→ **WHAT YOU ARE ASKED TO DO**: Each line of the data below between the one containing "Maison Tangerine - Mint" and the one containing "For Samsung Galaxy", both included, is to be repeated exactly. Please omit pictures.

→ **DATA FOR REVIEW**:

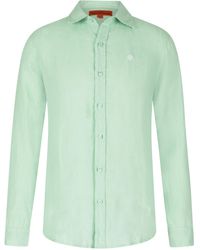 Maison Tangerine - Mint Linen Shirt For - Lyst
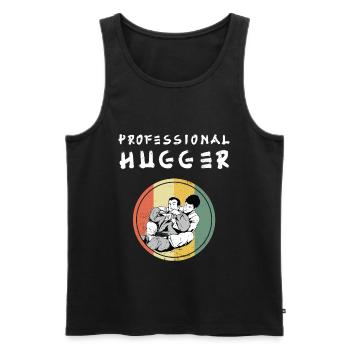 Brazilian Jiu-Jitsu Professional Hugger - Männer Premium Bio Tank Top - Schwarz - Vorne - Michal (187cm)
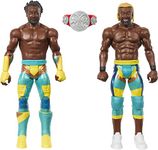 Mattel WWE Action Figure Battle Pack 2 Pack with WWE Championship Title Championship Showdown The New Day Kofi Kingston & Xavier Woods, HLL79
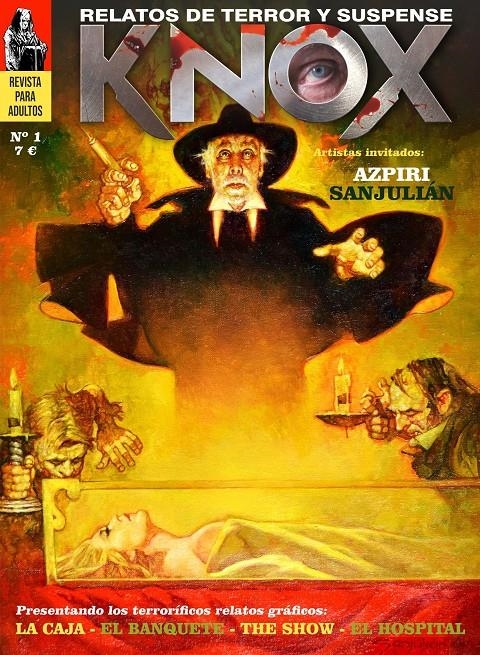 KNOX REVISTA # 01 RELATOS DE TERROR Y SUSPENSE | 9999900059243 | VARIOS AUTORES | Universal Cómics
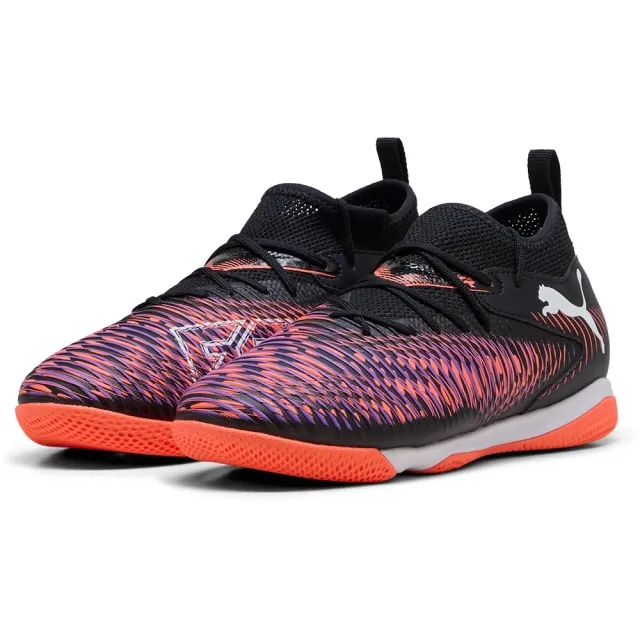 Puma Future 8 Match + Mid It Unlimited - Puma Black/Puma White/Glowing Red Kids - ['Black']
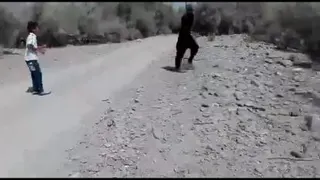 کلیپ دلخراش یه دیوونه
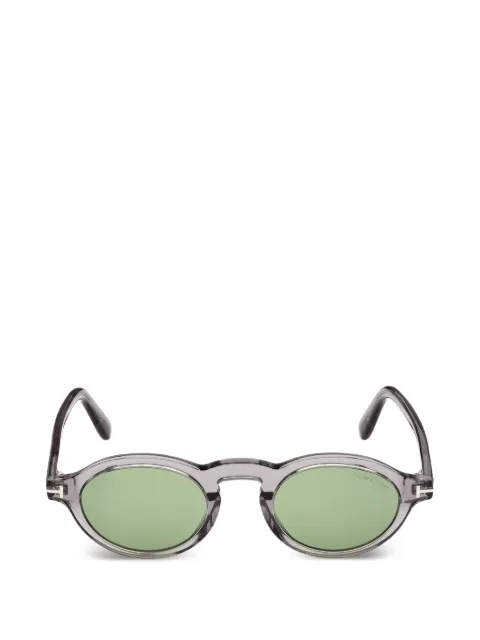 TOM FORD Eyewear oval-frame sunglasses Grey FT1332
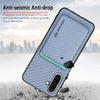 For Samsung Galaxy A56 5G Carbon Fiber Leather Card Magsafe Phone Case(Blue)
==
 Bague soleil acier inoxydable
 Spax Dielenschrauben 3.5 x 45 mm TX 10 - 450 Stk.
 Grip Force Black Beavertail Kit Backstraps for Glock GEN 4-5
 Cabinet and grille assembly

→ **ANSWER FOR THIS EXERCISE**:
 Maison Tangerine - Mint Linen Shirt For - Lyst
 Brazilian Jiu-Jitsu Professional Hugger - Männer Premium Bio Tank Top - Schwarz - Vorne - Michal (187cm)
 Mattel WWE Action Figure Battle Pack 2 Pack with WWE Championship Title Championship Showdown The New Day Kofi Kingston & Xavier Woods, HLL79
 KNOX REVISTA # 01 RELATOS DE TERROR Y SUSPENSE | 9999900059243 | VARIOS AUTORES | Universal Cómics
 Puma Future 8 Match + Mid It Unlimited - Puma Black/Puma White/Glowing Red Kids - ['Black']
 کلیپ دلخراش یه دیوونه
 TOM FORD Eyewear oval-frame sunglasses Grey FT1332
 For Samsung Galaxy A56 5G Carbon Fiber Leather Card Magsafe Phone Case(Blue)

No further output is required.